The cultural importance of folk music, real folk music, not its pallid contemporary simulacrum, is impossible for us to understand today.  The commodification of popular music, and the big business that generates and distributes it, were unknown before the Civil War, and hardly known before the twentieth century.  Child, though a polyglot, was a native speaker of American English and a scholar of early English dealing primarily with printed texts; but his enterprise inspired, and sometimes provoked, those field-workers who eventually would be called ethno-musicologists to try to preserve native Amerindian traditions and to study the musical archaeology of large and disparate American populations of African and Iberian origin, among others.  The English musicologist Cecil Sharp, an early twentieth-century heir of F. J. Child, went ballad-hunting in Appalachia during the First World War, recording a vast repertory of songs to be returned, marvelously preserved, to the crofts and cottages whence they had migrated a century earlier.

The old ballads are about everything under the sun: battles, sea voyages, hunting parties, public executions, country fairs, and supernatural events galore.    Chevy Chase, based in a half-remembered anecdote about an obscure fourteenth-century battle as reduced to a brawl between two great Border chieftains, is a tale of a great slaughter of deer that turned into a great slaughter of men.  Yet what power it has.  It was already old in the sixteenth century, when one of that age’s most elegant poets, Sir Philip Sidney, said this about it: “Certainly I must confess mine own barbarousness; I never heard the old song of Percy and Douglas that I found not my heart moved more than with a trumpet; and yet it is sung but by some blind crowder, with no rougher voice than rude style; which being so evil apparelled in the dust and cobwebs of that uncivil age, what would it work, trimmed in the gorgeous eloquence of Pindar?”
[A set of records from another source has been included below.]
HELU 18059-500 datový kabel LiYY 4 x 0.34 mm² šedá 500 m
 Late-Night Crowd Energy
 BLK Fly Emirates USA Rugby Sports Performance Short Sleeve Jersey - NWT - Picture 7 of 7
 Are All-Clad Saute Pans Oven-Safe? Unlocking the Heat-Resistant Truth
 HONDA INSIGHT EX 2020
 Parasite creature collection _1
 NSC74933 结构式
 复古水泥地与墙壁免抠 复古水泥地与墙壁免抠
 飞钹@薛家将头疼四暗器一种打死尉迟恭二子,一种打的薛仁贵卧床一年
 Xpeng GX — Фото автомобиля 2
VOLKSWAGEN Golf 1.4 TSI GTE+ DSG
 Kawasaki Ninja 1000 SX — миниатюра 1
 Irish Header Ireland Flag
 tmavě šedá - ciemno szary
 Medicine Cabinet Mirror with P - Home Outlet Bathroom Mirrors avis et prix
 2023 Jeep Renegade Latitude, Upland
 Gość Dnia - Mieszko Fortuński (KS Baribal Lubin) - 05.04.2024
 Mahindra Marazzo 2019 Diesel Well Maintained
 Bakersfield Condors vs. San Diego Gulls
But mostly the old ballads are about the two great themes of world romance: Love and Death.  “Would you, my lords”—so begins Bédier’s reconstruction of the medieval Tristan and Isolde—“would you hear a fine story of love and death?”  And, boy, do we get one.  “Set me as a seal upon thine heart,” says the Song of Songs, “for love is as strong as death”.  My grandfather Fleming used to sit on his porch in Arkansas half mumbling, half crooning “Barbara Allen”.  I wish I had paid more attention.  “Barbara Allen” is apparently the most recorded song in musical history.  I could wish to have added to the repertory.  I don’t know whether any two singers have agreed as to its words.  Like many old ballads it is an at times inchoate verbal quilt.  Yet a discernible plot forces its way like a red cord through the song’s peripheral incoherencies and shifting points of view; and it is the plot of tragic love.  Cruel Barbara Allen makes all the lads sing “well away” or “lack a day” or, presumably, any trisyllabic bit of verbal stuffing that could rhyme in -ay.  All that is the noise.  The signal is that cruel beauty must come to know the everlasting sorrow of love and death, must find indeed that they are the same.  “My true love died for me today,” she tells her distraught mother. “I’ll die for him tomorrow.”  Though she spurned him in life, they will lie till Judgment Day in contiguous graves in the old churchyard; yet even now the bard is not finished, for “out of his grave grew a red, red rose, and out of hers a briar.”